New Mobile Testing Resource To Provide Advanced Data On Chemical Air Pollutants
Texas A&M University’s new mRAPiD air quality testing van, a collaboration between the Superfund Research Center and School of Public Health, will give researchers and communities the ability to detect hazardous chemical air pollutants in real time, while on location.
mRAPiD, which stands for “mobile Responding to Air Pollution in Disasters,” was developed for use during disaster events where there is a release of airborne pollutants. It will provide immediate, hyperlocal air quality information to potentially exposed populations, including first responders.
The van is equipped with a highly sensitive instrument that allows it to detect a wide range of chemical pollutants and offer real-time results that are linked with the van’s specific location.
The van is funded by a grant through Texas A&M’s Research Development Fund awarded to Natalie Johnson and Thomas McDonald at the School of Public Health, and Dr. Ivan Rusyn, director of the Superfund Center.
“This whole idea really came about after a couple of large-scale disasters, one of which was Hurricane Harvey. There were emissions of benzene, which is a known carcinogen and respiratory irritant, in the Houston area,” Johnson said. “Dr. Ivan Rusyn, Dr.

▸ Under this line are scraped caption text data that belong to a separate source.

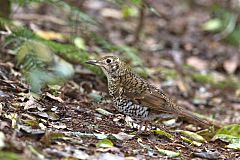 Bassian Thrush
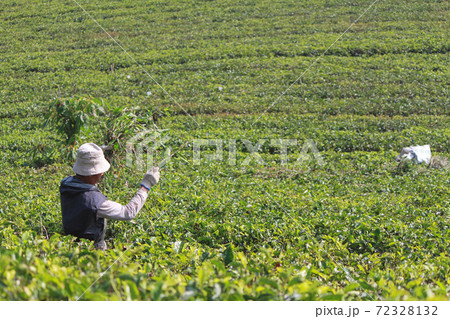 インドネシアの茶畑で働く男性 インドネシアの茶畑で働く男性 72328132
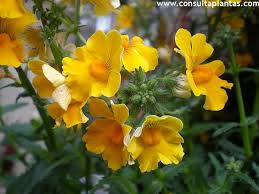 Image result for Nemesia lilacina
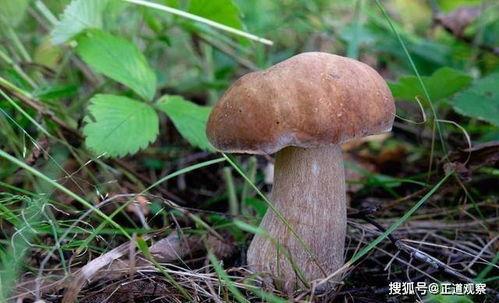 吃瓜的毒蘑菇,揭秘“吃瓜群众”误食毒蘑菇的惊险瞬间
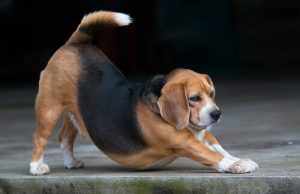 Dziwne zachowania psa – 5 sygnałów ostrzegawczych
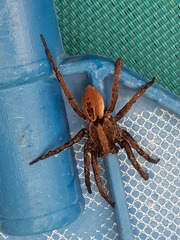 Lycosa erythrognatha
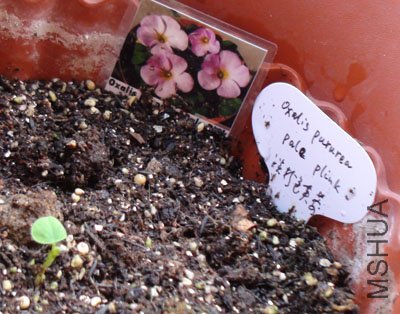 С��-oxalis purpurea pale pink.jpg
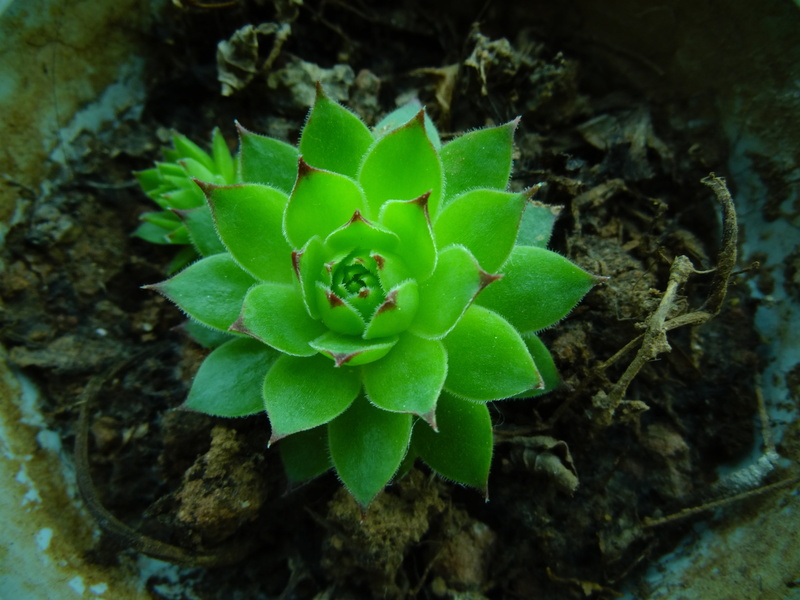 selective focus, plant part, flowering plant, close-up, beauty in nature, outdoors, growth, nature, high angle view, succulent plant, green, green color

Tommy McDonald and I initiated the grant through A&M to acquire the equipment and van so we would be able to be a statewide resource to respond to similar pollution events following disasters.”
Texas currently has a network of stationary air quality monitors throughout the state, but these typically only measure for solid particles (like dust and smoke) and some gas phase pollutants (like ozone) but not the larger range of volatile air toxics that mRAPiD detects.

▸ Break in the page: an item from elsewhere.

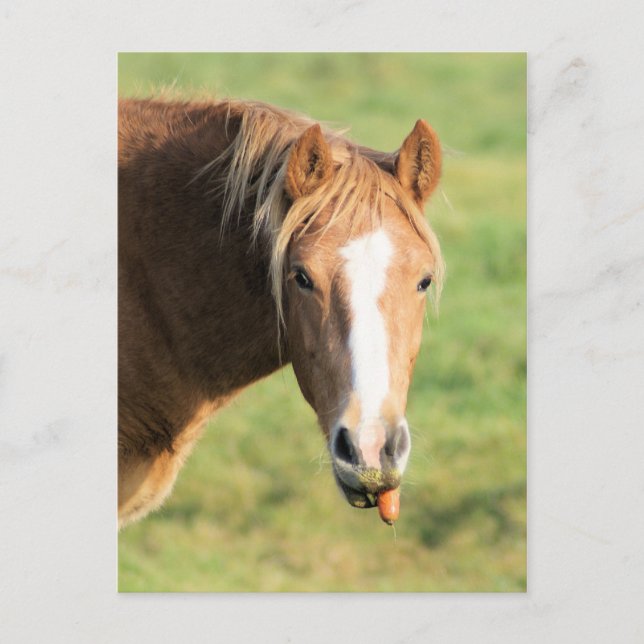 Heeya, vad är upp och ner? vykort (Framsida)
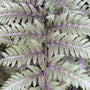 Ghost Fern plant with frosted green foliage and dark maroon-purple midribs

These pollutants are mainly composed of hazardous volatile organic compounds (VOCs), which are human-made chemicals that are constantly released into the air — through gasoline and diesel emissions, industrial emissions, dry-cleaning, tobacco smoke, and building materials including paints and varnishes — and contribute to a baseline level of VOCs in the atmosphere.
A sudden increase in VOCs following environmental disasters or industrial accidents is of major concern because they can cause a variety of short- and long-term health effects, from eye irritation and nausea to organ damage and cancer.
The mRAPiD van’s use in the field will be conducted by Johnson as well as Toriq Mustapha and Mariana Saitas, trainees in Texas A&M’s Interdisciplinary Toxicology Program.
In addition to disaster response, the van will be used for routine air sampling by the Superfund Research Center to support ongoing research projects and, when requested, exposure assessments for specific communities, which will be led by Garett Sansom of the School of Public Health.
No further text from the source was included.